- District location in Uganda
- Coordinates: 01°18′N 32°30′E﻿ / ﻿1.300°N 32.500°E
- Country: Uganda
- Region: Central Region of Uganda
- Established: 1 July 1997
- Capital: Nakasongola

Area
- • Total: 3,737.6 km^{2} (1,443.1 sq mi)
- • Land: 3,511.8 km^{2} (1,355.9 sq mi)
- • Water: 225.8 km^{2} (87.2 sq mi)
- Elevation: 1,160 m (3,810 ft)

Population (2012 Estimate)
- • Total: 156,500
- • Density: 44.6/km^{2} (116/sq mi)
- Time zone: UTC+3 (EAT)
- Website: www.nakasongola.go.ug

= Nakasongola District =

Nakasongola District is the northernmost district of the Central Region of Uganda. The town of Nakasongola is the site of the district's administrative headquarters.

==Location==
Nakasongola District is bordered by Apac District to the north-west, Amolatar District to the north-east, Kayunga District to the east, Luweero District to the south, Nakaseke District to the south-west, and Masindi District to the north-west. Nakasongola, the main municipal, administrative, and commercial center of the district, is approximately 140 km, by road, north of Kampala, the capital and largest city of Uganda.

==Overview==
Nakasongola District was created in 1997. It was previously part of Luweero District. The commission of inquiry into the local government system in 1987 recognized that Nakasongola was too far from the administrative center of Luweero to be administered directly from there.

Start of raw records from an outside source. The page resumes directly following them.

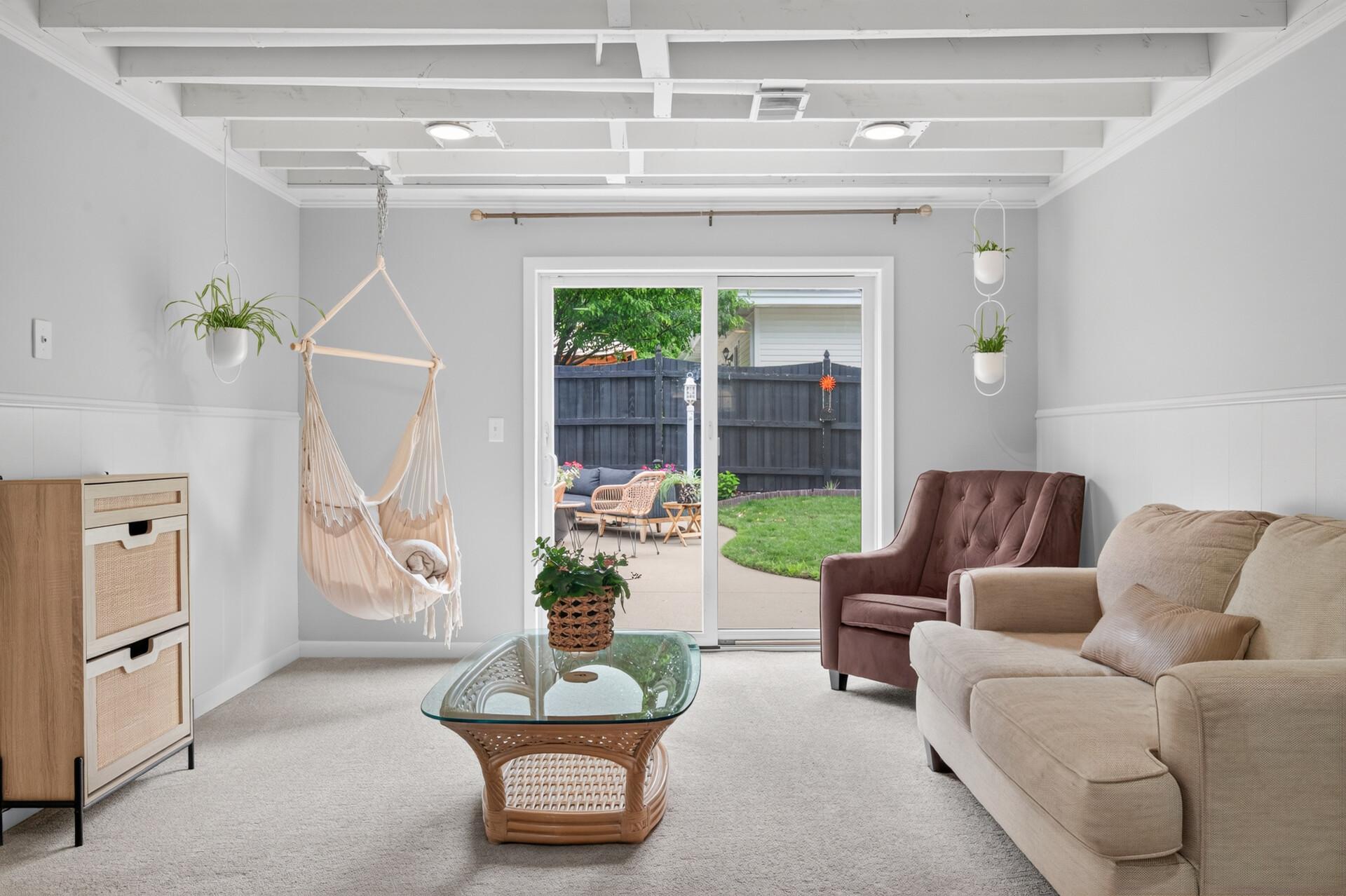 Large Walkout Living Room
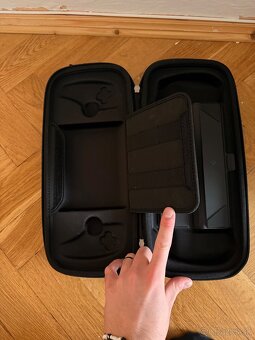 Playstation portal - 4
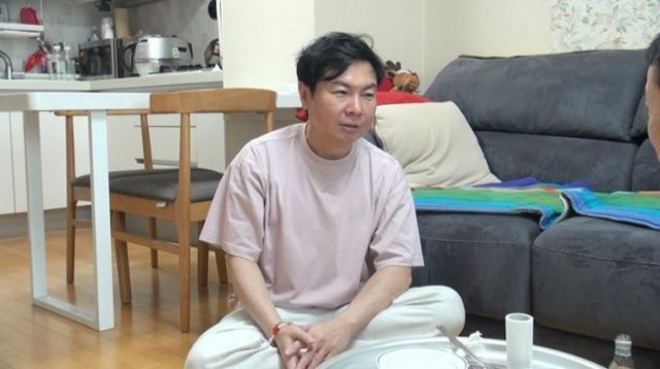 thumbnail - “전처가 나서서 해준다는데”… 윤민수 소개팅 제안 단칼에 거절한 ‘이 배우’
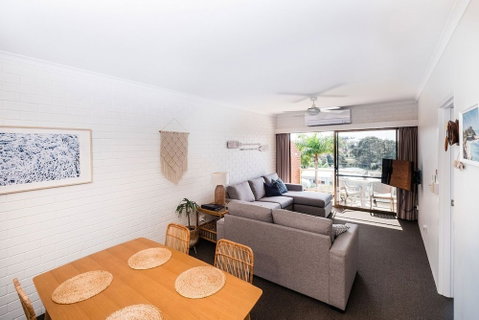 Mollymook Seascape Motel & Apartments - New South Wales Tourism  6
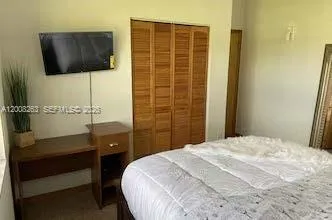 19900 SW 326th St # 1, Homestead FL 33030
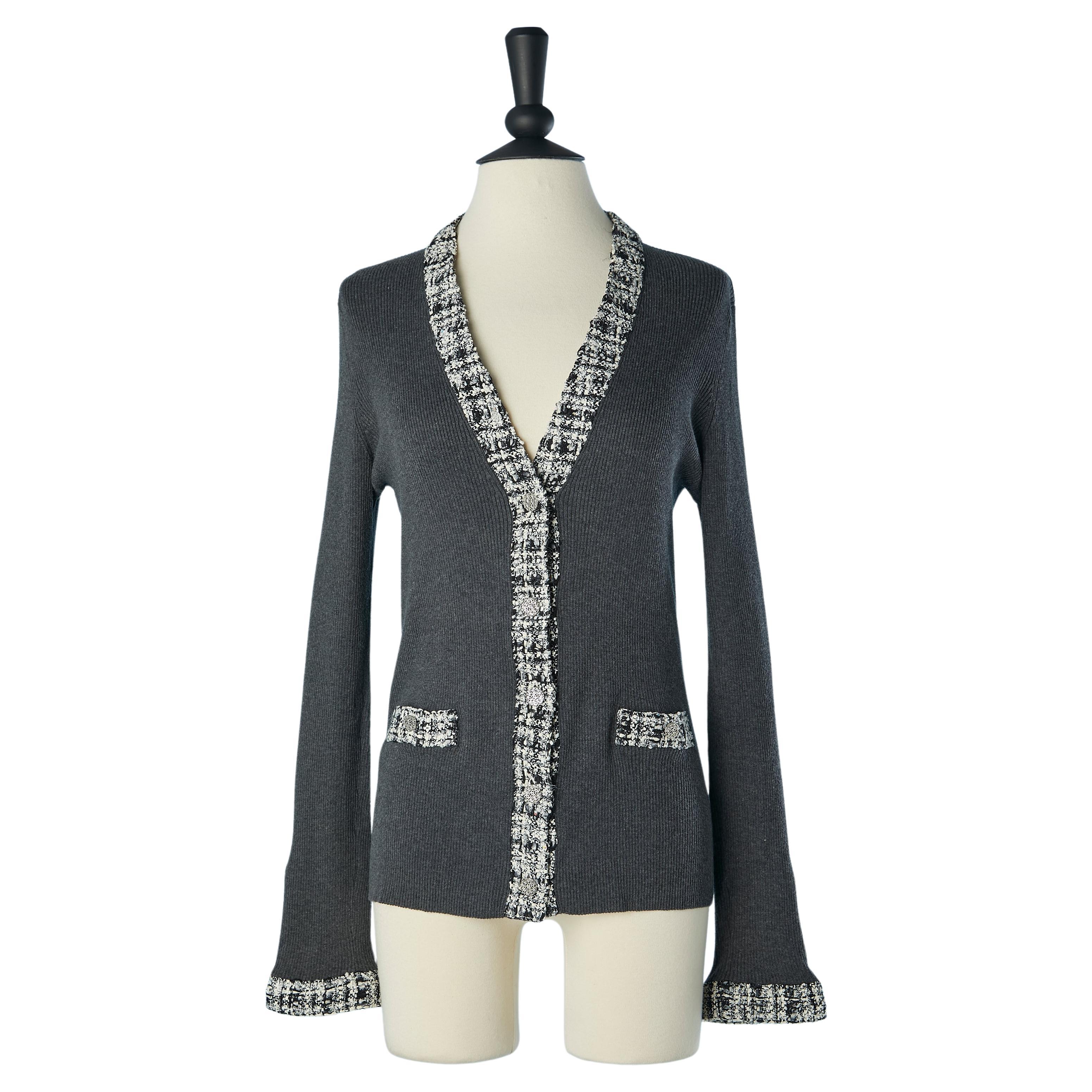 Graue Strickjacke aus grauem Strick mit Tweed-Rand und Markenmarken CC-Knöpfen Chanel 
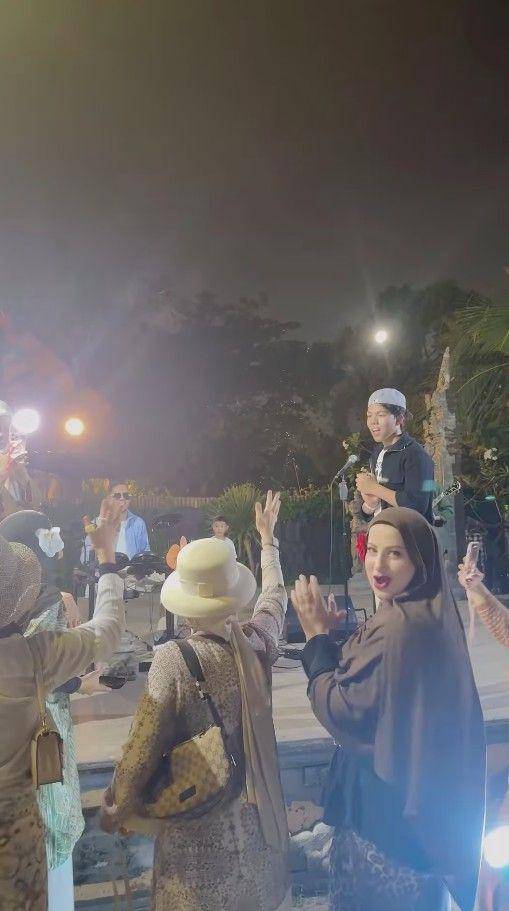 Pesta Ulang Tahun ke-33 Tasyi Athasyia (Instagram.com/tasyiiathasyia)
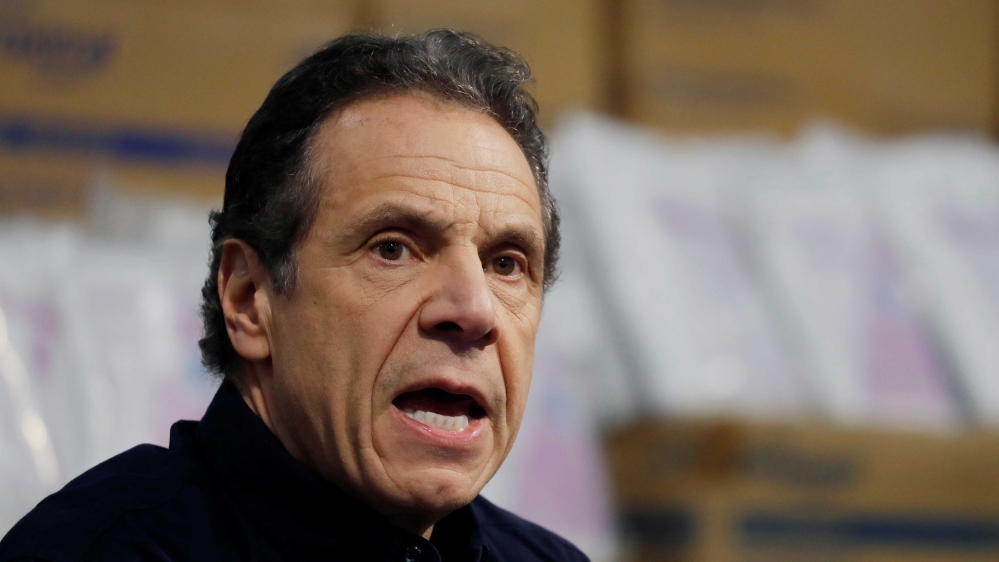 Foto von New York's Andrew Cuomo warns against 'blindly' reopening states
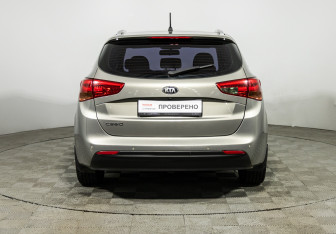 Подержанный автомобиль Kia Ceed Wagon 2014 года (6 фото)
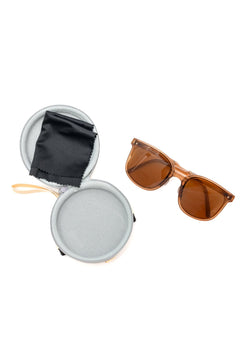 Collapsible Girlfriend Sunnies & Case in Champagne - Molliee Boutique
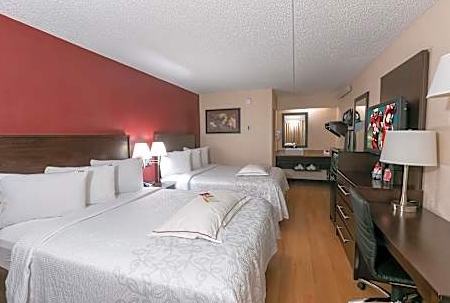 Premium 2 Double Beds-Red Roof PLUS+ Secaucus - Meadowlands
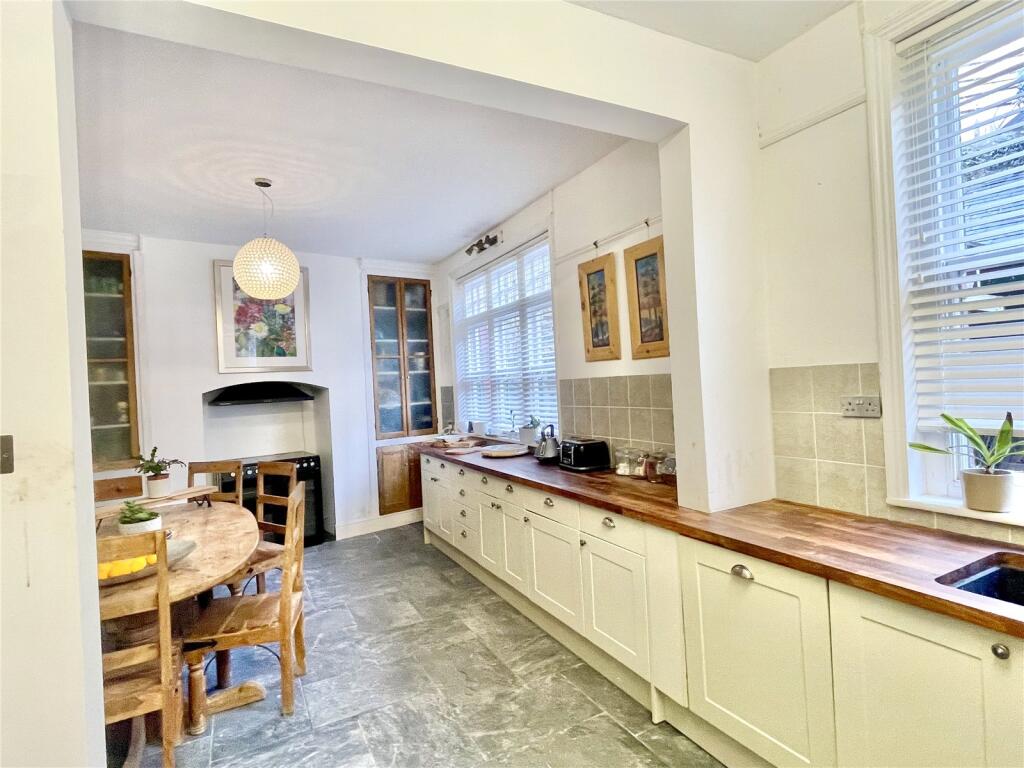 House in Llanfair Caereinion - More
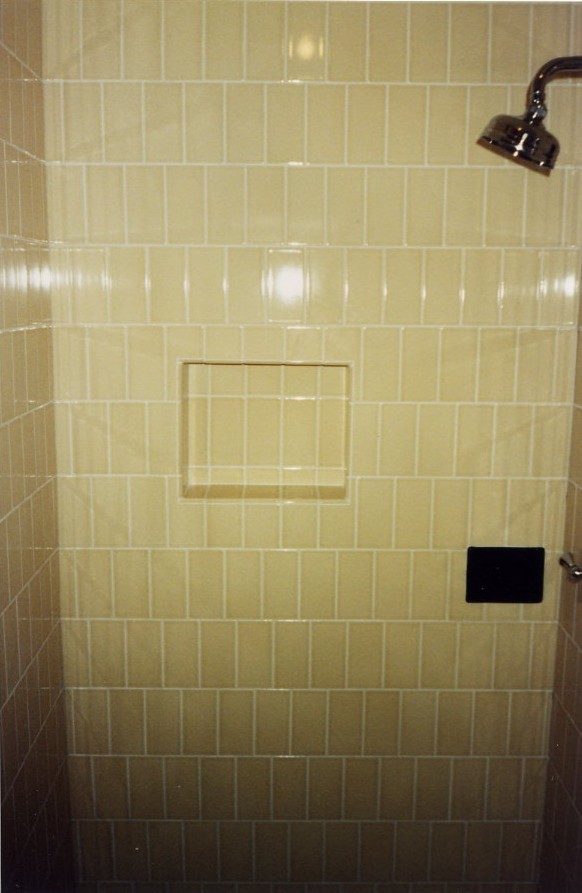 Foto di una piccola stanza da bagno con doccia chic con doccia ad angolo, WC a due pezzi, piastrelle beige, piastrelle nere, piastrelle bianche, piastrelle a mosaico, pareti beige, pavimento con piastrelle a mosaico e lavabo sospeso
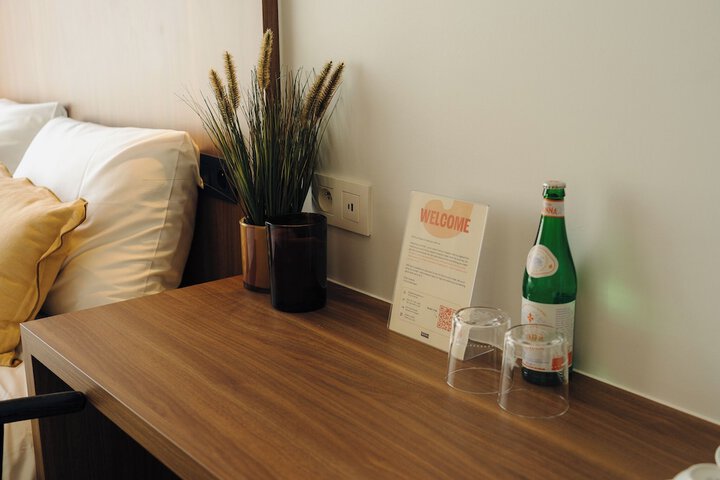 Room 28 of 59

Nakasongola suffered from relative neglect due to the distance from the then district headquarters. This became the basis for the creation of Nakasongola District in 1997. The district covers 4909 km2, of which 4.6% is permanent wetland. The district is composed of three counties, namely:
- Kyabujingo County
- Buruuli County
- Budyebo County

==Population==
The 1991 national census put the district population at about 100,500. In 2002, the census estimated the population at 127,100 people, of whom 62,312 (49.7 percent) were female and 62,985 (50.3 percent) were male. In 2012, the population of the district was estimated at 156,500.